From 2007 to 2015, I had the privilege of teaching English as a foreign language in two different South Korean cities, Daegu and Gangneung. In the first three years, I taught at a private academy in Daegu and had students ranging from kindergarten age to senior citizens. In my final four years, I taught in a public middle school with grades seven to nine. For this reflection, I will focus on the experience I had in the Gangneung middle school.

This middle school had nine different classes in each grade, and the students had varying English abilities. This made instruction quite challenging as each class had students who were still mastering basic reading, with students who had studied overseas in English-speaking countries. This disparity in skill levels forced me to create lessons that were as flexible as possible to not exclude anyone. I encouraged group work when possible to make scaffolding easier for the students. Unlike most other native English teachers, I went from classroom to classroom, so the students were organized in rows of desks. Restructuring the learning environment to better suit the students’ needs was always a high priority.

The curriculum I was to teach was of questionable quality. There was an English textbook for each grade, and each chapter acted as a unit, with three lessons per chapter. Korea’s education system is still very much entrenched into the notion of standardized tests (such tests have been important there for millennia). What I included within my lessons was fairly open-ended, as long as I hit upon all the main topics for my section of the chapter. As long as the students were in good position for their midterms and final exams, I was given a wide berth to teach what I wanted.

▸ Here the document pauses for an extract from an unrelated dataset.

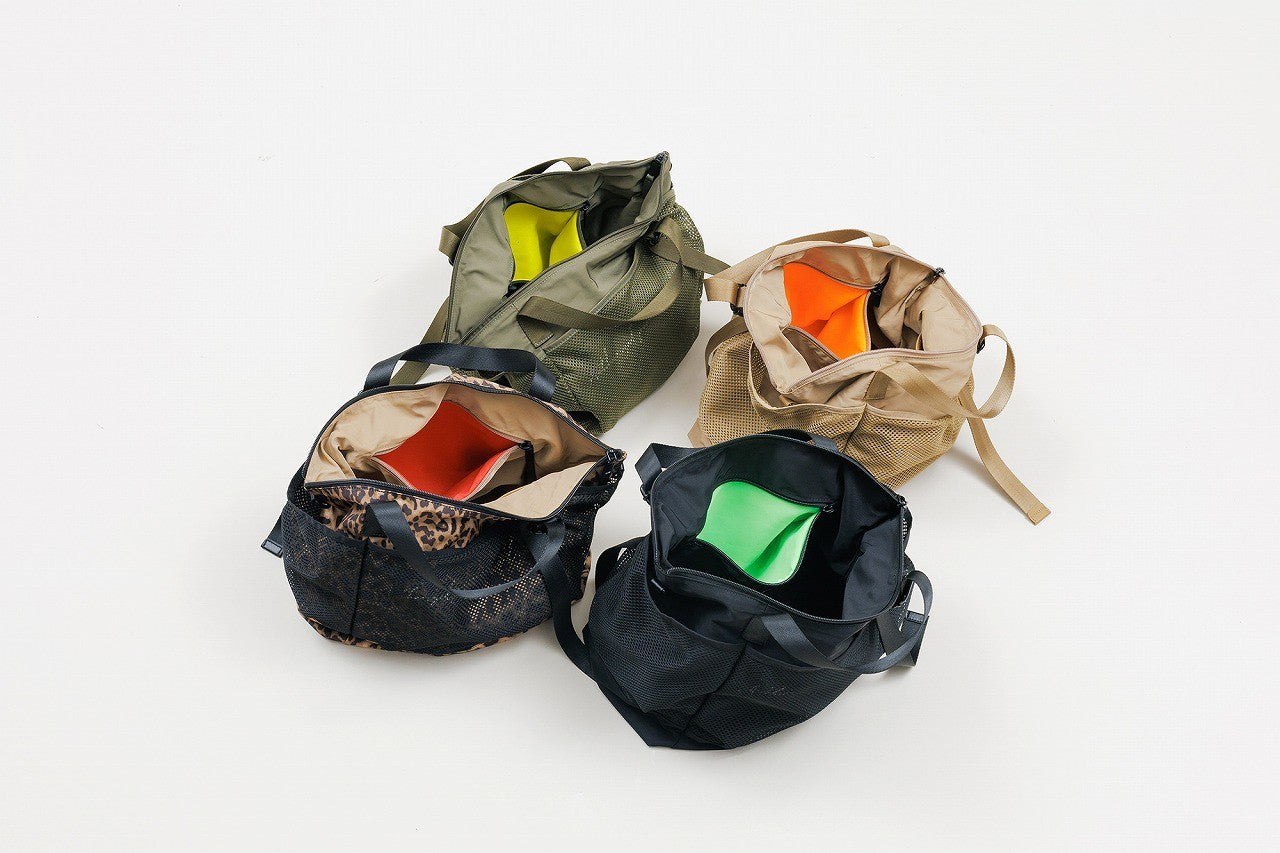 【story.】ポリエステルアラウンドメッシュトートM/3A-1845-4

Generally, my lesson would open with a five-minute review of the previous week’s lesson. Then I would introduce new content, and model its use. When the students were comfortable enough, they would use the content in a group activity of some sort that would often involve moving around to gather information (elements of total physical response). Once enough time had passed, I would call the class together, and go through the students’ responses to the activity. I would then add more detail to a previous point, or introduce a new point, and have an activity set up for the latter. The consolidation of the class would be students presenting their work on the final activity. I would also include extension type activities for students who finished the main activities quickly, and they could do these independently, or help each other out without distracting the others.

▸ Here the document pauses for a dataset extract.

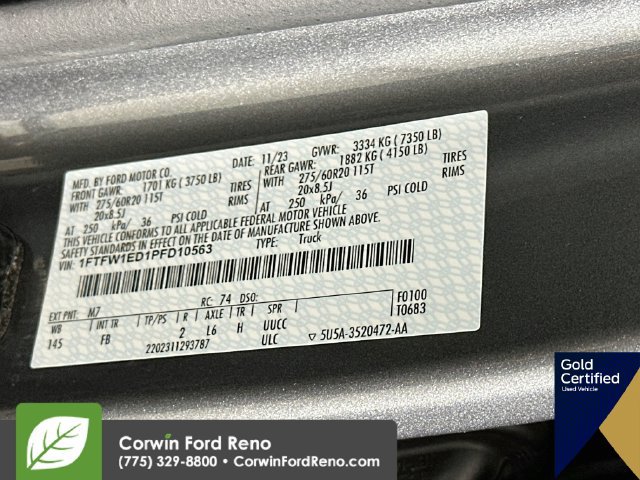 Certified 2023 Ford F150 XLT w/ Equipment Group 302A High AWD/4WD image 36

The years I spent in Gangneung made it apparent how important it was to build an inclusive atmosphere where students did not need to feel uncomfortable in asking for help. It also taught me how to balance my desire to assist my students, and knowing when to let them try to figure things out on their own. I often had very high expectations for my students, and I was always exceedingly proud when I saw their progress grow by leaps and bounds.

Teaching ELL students in Ottawa presents a different set of challenges. Students in my practicum lessons benefited from my ability to clearly speak in terms they would understand. However, for lower level ELL students, I was not able to use the crutch of speaking their native tongue to deliver clearer instructions (something I could do in Korea). While I could get the students to understand the activity in the end, it would have been more expedient if I had an exemplar to model. My lessons in Korea were highly-visual, but my lessons during practicum lacked this component. Going forward, if I do not have enough time to create my own presentations for each lesson, I will be sure to at least have visuals for key points, so ELL students can better follow along.

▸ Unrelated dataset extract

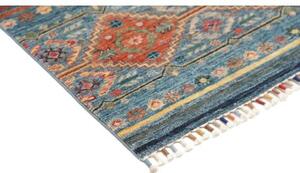 Tappeto Istintia Geometrico Blu Petrolio Ruggine 99x152 Cm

I believe every second language learner has the potential to succeed in school if they are given the appropriate support. The many ESL students in my practicum were fortunate enough to have LRTs during science and math lessons. Their comprehension was greatly enhanced with the increased attention, and the smaller student-teacher ratio. Being able to incorporate staff properly, so their time is not wasted, will require differentiation within my lessons to better serve ELL students. It is also imperative that I place students strategically with each other, so that ELL students are with someone they trust enough to ask for help when it is needed.